В Старой Руссе при мне сменились три исправника. Застал я там Н.Х. Мосолова, цыгана по типу, – сына известного Казанского полицмейстера, точного исполнителя приказаний губернатора Скарятина, отданного, в конце концов, Сенатом под суд за то, что на пожаре он приказал выпороть кого-то, кого не полагалось. По высочайшему повелению дело это было, впрочем, прекращено, но и Скарятину и, кажется, Мосолову пришлось со службы уйти. Наш Мосолов был отцом большой семьи, содержать которую было ему нелегко, и он стремился перейти в одну из столиц, что ему, как я уже говорил, и удалось. Был он несколько театрален, но его скорее любили, ибо вреда он никому не делал. Заменил его тихенький старичок Плеснев, на поколение запоздавший смертью, очень почтительный и никогда не подымавший голоса; скоро он умер и в исправники попал тогда давнишний помощник исправника И.С. Грузинов, который и пробыл в этой должности до революции. Был он без всякого образования, и службу начал урядником, но благодаря природному уму и такту, дошел до исправника. Несмотря на свой совершенно «стрюцкий» вид и на то, что внешнего авторитета у него как будто не было, он был в Старой Руссе популярен. Насколько я замечал, он был всегда хорошо осведомлен обо всем, что происходило в уезде, но никогда не раздувал зря того, что можно было якобы проглядеть, не отвечая самому за это.

Его заменил в должности помощника исправника наш становой пристав В.Н. Владыкин, большой мужчина в очках, хороший, но очень наивный человек. Пройдя младшие классы гимназии, он по бедности должен был ее бросить, работал писцом в полиции и, понемногу продвигаясь, дошел до исправника в Устюжне. Он был фанатик эсперанто, и даже меня как-то пытался привлечь в адепты этого языка. В первые дни революции он глупо погиб: ничего про нее не зная, он вернулся из уезда с какой-то комиссии на одну из железнодорожных станций, где уже образовалась небольшая революционная группа; когда Владыкин и его спутники вошли на станцию, их встретили возгласом: «Руки вверх!». Не обратив на это внимания, он сунул руку в карман за платком, чтобы протереть очки, без которых ничего не видел, но это приняли за попытку вытащить револьвер, и он был убит наповал.

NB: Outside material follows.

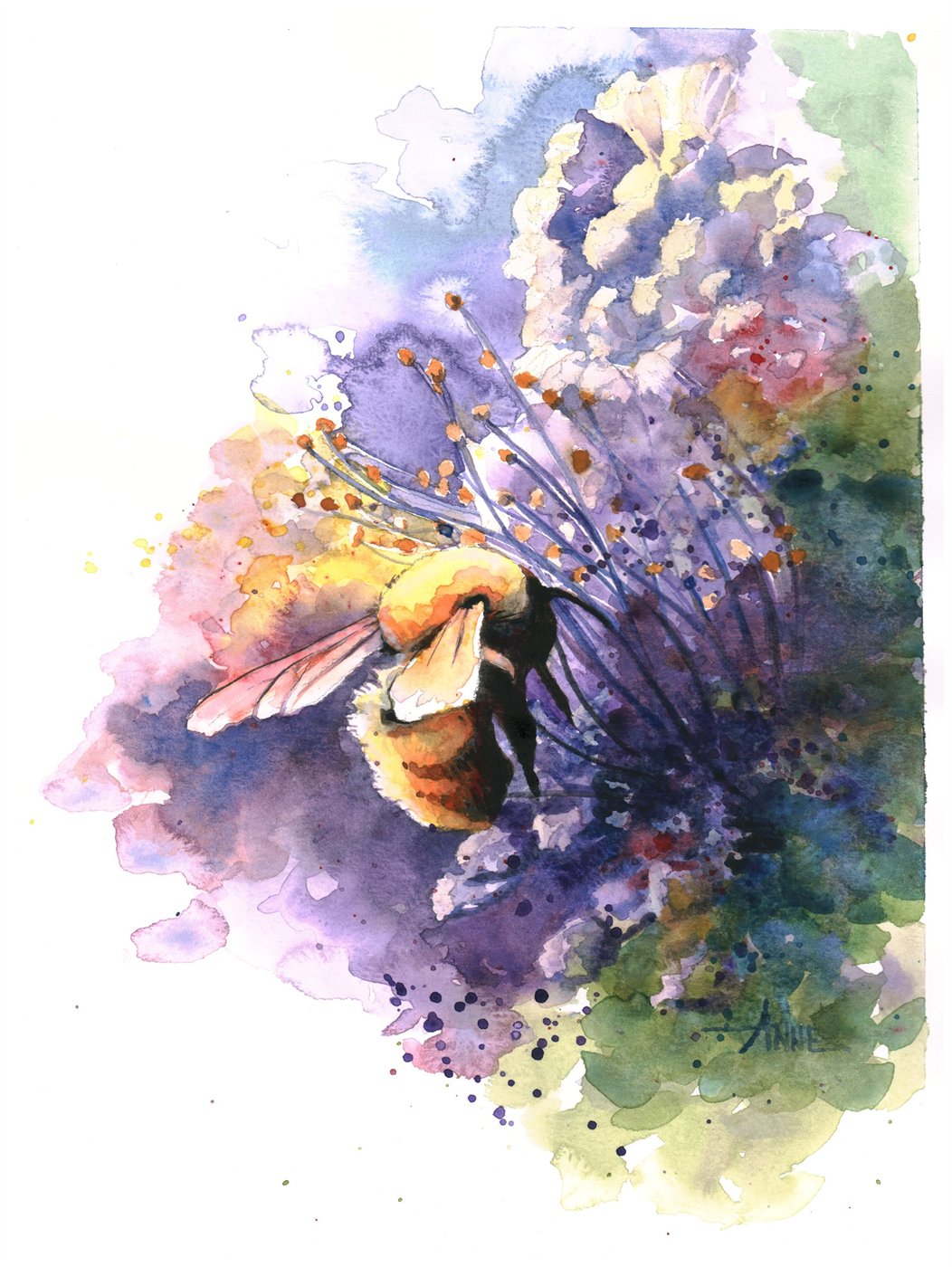 Loose watercolor of a bumblebee deep in violet lilac, pigment pooling freely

Я пропустил упомянуть раньше про двух моих непосредственных помощников – заседателей дворянской опеки. Дела у них не было никакого, и все их функции сводились к получению жалований из дворянских сборов по 350 рублей в год, причем, когда я вступил в должность, они не получили еще за два года. Обычно избирали на эти должности каких-нибудь старичков для увеличения их ничтожной пенсии; при мне это были два отставных полковника: Долгоруков и Шемякин. Долгоруков, бывший ротный командир Аракчеевского кадетского корпуса, был деликатный человек, которого все уважали.

Отношение к Шемякину было иным: не назову его прямо жуликом, но, несомненно, он был очень характерным представителем предшествующего мне поколения. Ко мне он относился исключительно хорошо, и до известной степени играл при мне роль Тетерюковского при Васильчикове, хотя боевого характера того у него не было.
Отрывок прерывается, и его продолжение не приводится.